Re: BUG #17928: Standby fails to decode WAL on termination of primary

From: Michael Paquier <michael(at)paquier(dot)xyz>
To: Thomas Munro <thomas(dot)munro(at)gmail(dot)com>
Cc: Alexander Lakhin <exclusion(at)gmail(dot)com>, Sergei Kornilov <sk(at)zsrv(dot)org>, Noah Misch <noah(at)leadboat(dot)com>, Tom Lane <tgl(at)sss(dot)pgh(dot)pa(dot)us>, Kyotaro Horiguchi <horikyota(dot)ntt(at)gmail(dot)com>, pgsql-bugs(at)lists(dot)postgresql(dot)org, Fujii Masao <masao(dot)fujii(at)oss(dot)nttdata(dot)com>, pgbf(at)twiska(dot)com
Subject: Re: BUG #17928: Standby fails to decode WAL on termination of primary
Date: 2023-09-24 23:58:45
Message-ID: ZRDNNf8Etlvuo48a@paquier.xyz
Views: Raw Message | Whole Thread | Download mbox | Resend email
Thread:
Lists: pgsql-bugs

On Mon, Sep 25, 2023 at 09:02:35AM +1300, Thomas Munro wrote:
> I see there was a failure on 16 on the very slow AIX box, and I have
> access so looking into that...

Lucky you, if I may say ;)

A bunch of architectures that are not Intel are failing.

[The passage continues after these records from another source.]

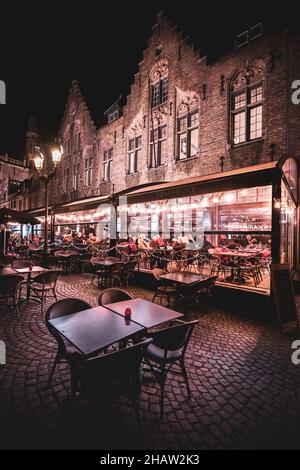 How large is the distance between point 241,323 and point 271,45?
9.98 metres

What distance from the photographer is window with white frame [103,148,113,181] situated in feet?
53.7

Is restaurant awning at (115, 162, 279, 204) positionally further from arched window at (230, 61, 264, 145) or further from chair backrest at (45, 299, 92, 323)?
chair backrest at (45, 299, 92, 323)

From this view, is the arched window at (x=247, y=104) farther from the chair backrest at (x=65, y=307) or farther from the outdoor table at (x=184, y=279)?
the chair backrest at (x=65, y=307)

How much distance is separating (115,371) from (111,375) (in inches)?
2.2

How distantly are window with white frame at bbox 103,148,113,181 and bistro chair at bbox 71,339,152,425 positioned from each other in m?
15.1

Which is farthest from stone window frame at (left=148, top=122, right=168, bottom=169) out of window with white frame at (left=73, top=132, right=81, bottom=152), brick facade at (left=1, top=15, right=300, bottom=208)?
window with white frame at (left=73, top=132, right=81, bottom=152)

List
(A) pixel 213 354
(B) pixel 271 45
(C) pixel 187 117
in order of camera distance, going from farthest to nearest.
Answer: (C) pixel 187 117, (B) pixel 271 45, (A) pixel 213 354

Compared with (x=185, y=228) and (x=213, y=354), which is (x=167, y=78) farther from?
(x=213, y=354)

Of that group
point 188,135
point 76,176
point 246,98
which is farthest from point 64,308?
point 76,176

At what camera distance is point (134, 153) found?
47.9 ft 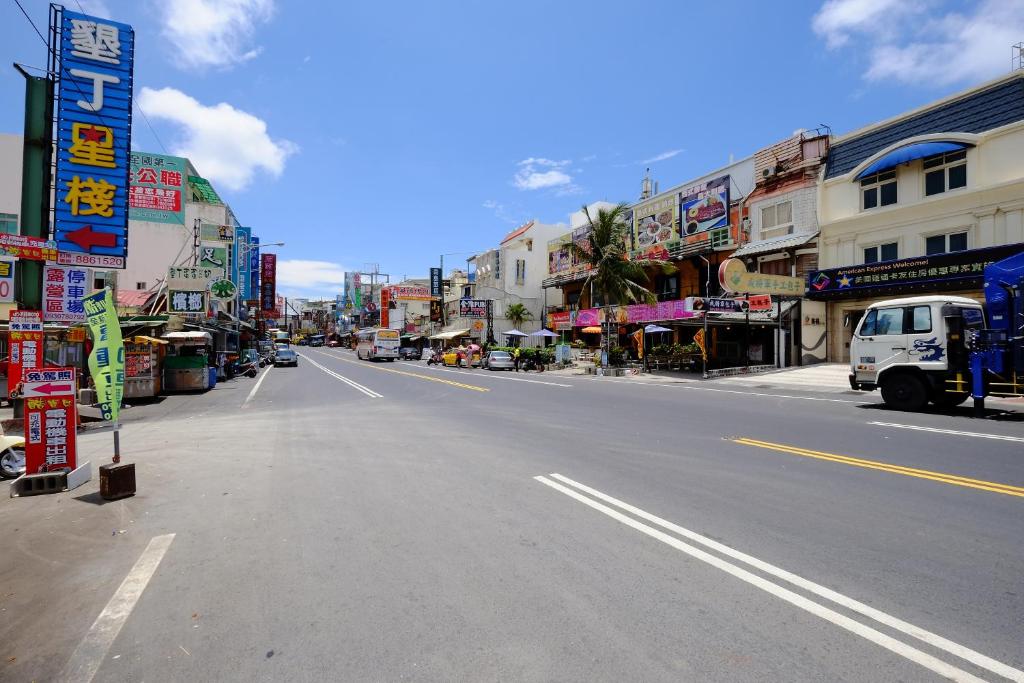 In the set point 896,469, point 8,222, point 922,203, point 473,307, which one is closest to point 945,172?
point 922,203

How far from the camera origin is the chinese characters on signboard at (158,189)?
33375 millimetres

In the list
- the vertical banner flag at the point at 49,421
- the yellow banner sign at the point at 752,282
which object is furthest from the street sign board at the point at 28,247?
the yellow banner sign at the point at 752,282

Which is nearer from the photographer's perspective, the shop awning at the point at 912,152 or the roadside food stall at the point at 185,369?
the roadside food stall at the point at 185,369

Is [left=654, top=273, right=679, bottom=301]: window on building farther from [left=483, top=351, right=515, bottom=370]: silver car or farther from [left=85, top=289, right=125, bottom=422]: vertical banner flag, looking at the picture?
[left=85, top=289, right=125, bottom=422]: vertical banner flag

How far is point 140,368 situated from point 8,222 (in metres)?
17.0

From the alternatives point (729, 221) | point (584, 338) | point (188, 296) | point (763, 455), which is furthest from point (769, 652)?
point (584, 338)

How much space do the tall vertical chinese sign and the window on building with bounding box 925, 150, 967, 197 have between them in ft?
94.8

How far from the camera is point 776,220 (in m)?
28.6

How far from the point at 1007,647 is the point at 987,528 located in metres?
2.30

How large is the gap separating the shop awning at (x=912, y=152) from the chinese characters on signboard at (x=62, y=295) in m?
28.9

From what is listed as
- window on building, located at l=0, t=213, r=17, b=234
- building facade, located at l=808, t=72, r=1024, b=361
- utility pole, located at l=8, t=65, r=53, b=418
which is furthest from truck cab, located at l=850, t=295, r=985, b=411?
window on building, located at l=0, t=213, r=17, b=234

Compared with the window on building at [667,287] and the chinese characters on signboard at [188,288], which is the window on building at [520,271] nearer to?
the window on building at [667,287]

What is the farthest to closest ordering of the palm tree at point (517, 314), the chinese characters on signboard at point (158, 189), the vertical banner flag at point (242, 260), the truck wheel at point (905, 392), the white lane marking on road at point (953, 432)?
the palm tree at point (517, 314), the vertical banner flag at point (242, 260), the chinese characters on signboard at point (158, 189), the truck wheel at point (905, 392), the white lane marking on road at point (953, 432)

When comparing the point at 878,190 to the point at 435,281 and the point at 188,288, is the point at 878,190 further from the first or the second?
the point at 435,281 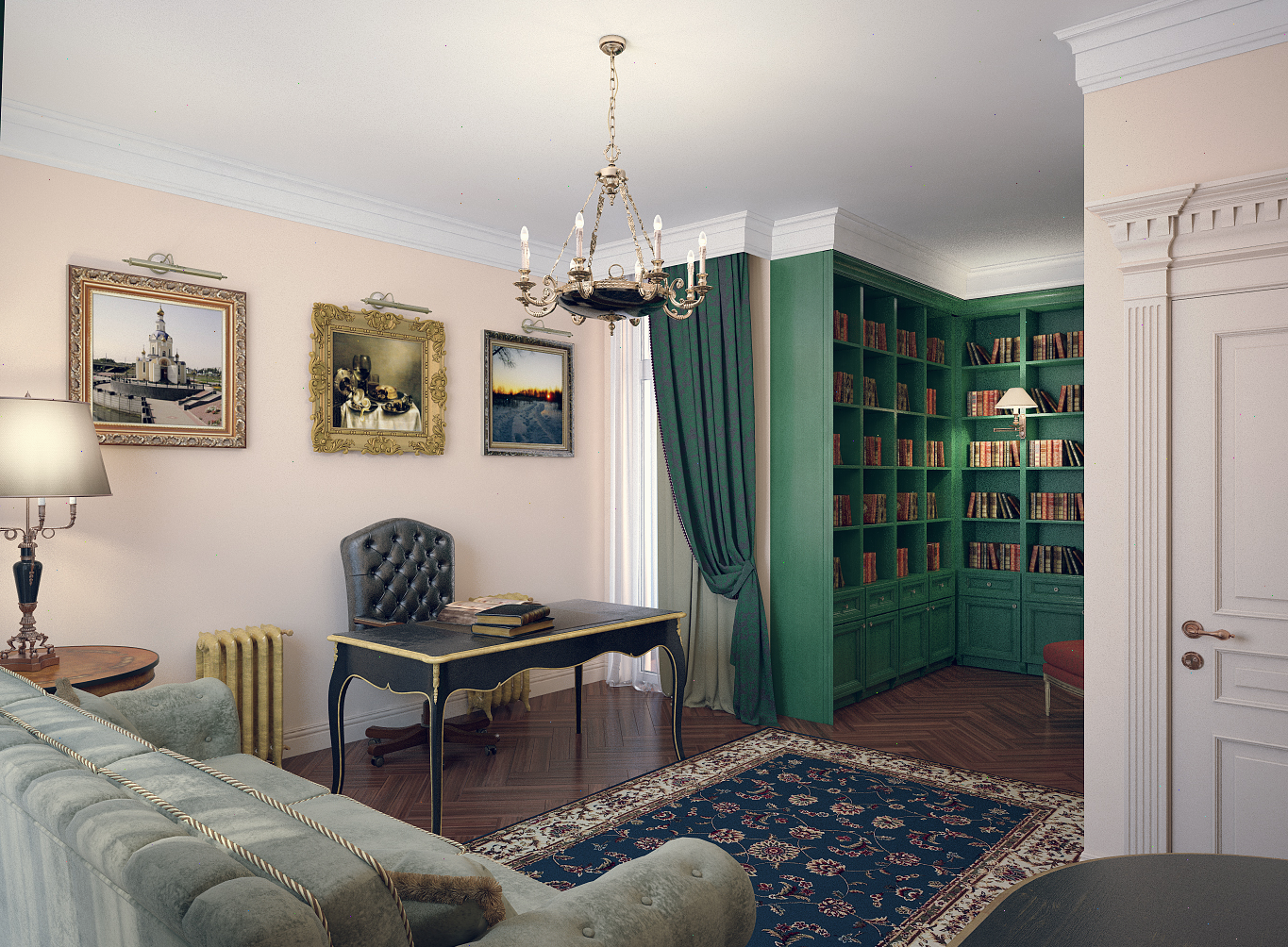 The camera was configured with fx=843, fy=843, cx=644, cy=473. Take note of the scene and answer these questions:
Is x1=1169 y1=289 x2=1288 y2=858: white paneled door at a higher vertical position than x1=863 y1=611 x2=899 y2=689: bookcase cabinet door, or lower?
higher

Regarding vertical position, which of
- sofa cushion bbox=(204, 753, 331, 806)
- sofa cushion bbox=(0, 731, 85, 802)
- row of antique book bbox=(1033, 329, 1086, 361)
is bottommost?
sofa cushion bbox=(204, 753, 331, 806)

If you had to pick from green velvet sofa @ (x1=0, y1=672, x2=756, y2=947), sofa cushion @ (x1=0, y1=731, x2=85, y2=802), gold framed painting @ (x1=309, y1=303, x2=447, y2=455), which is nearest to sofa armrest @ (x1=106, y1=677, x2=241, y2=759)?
green velvet sofa @ (x1=0, y1=672, x2=756, y2=947)

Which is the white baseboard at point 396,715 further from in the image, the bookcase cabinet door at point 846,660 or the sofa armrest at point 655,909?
the sofa armrest at point 655,909

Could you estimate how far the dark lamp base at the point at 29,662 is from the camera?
9.92ft

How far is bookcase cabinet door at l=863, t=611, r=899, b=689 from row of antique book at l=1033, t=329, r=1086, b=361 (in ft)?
7.47

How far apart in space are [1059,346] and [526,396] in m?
3.90

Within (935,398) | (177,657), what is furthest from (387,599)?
(935,398)

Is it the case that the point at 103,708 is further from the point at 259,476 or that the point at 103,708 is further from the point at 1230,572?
the point at 1230,572

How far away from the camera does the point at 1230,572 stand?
2648 mm

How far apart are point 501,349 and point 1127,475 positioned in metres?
3.69

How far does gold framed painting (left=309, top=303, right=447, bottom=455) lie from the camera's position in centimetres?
447

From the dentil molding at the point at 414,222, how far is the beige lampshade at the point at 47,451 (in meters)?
1.24

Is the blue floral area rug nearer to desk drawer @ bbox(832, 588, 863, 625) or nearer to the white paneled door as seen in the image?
the white paneled door

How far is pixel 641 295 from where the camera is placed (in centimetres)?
292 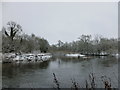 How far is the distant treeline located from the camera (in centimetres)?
2167

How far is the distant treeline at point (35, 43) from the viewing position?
2167cm

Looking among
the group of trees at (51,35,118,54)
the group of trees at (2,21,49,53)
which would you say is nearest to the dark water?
the group of trees at (2,21,49,53)

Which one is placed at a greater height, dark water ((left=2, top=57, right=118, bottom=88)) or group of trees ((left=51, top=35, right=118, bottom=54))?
group of trees ((left=51, top=35, right=118, bottom=54))

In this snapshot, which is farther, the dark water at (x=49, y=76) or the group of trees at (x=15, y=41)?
the group of trees at (x=15, y=41)

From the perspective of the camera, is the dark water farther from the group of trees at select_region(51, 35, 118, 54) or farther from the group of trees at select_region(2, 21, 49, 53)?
the group of trees at select_region(51, 35, 118, 54)

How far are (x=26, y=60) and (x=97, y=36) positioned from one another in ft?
99.1

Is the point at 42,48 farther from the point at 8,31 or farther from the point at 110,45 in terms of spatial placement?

Here is a
summary based on the buildfarm reports:
topminnow, mips64el with gcc 4.9.2
mereswine, ARMv7 with gcc 10.2.1
sungazer, ppc64 with gcc 8.3.0
frogfish, mips64el with gcc 4.6.3
mamba, macppc with gcc 10.4.0
gull, ARMv7 with clang 13.0.0
grison, ARMv7 with gcc 4.6.3
copperhead, riscv64 with gcc 10.X

The only thing close to that I have close by is tanager on Armv7 (it
has not reported to the buildfarm for a few weeks as it has
overheated because of the summer here, but I've put it back online
now). However, it has passed a few hundred cycles with both gcc and
clang yesterday, on top of having a clean buildfarm run.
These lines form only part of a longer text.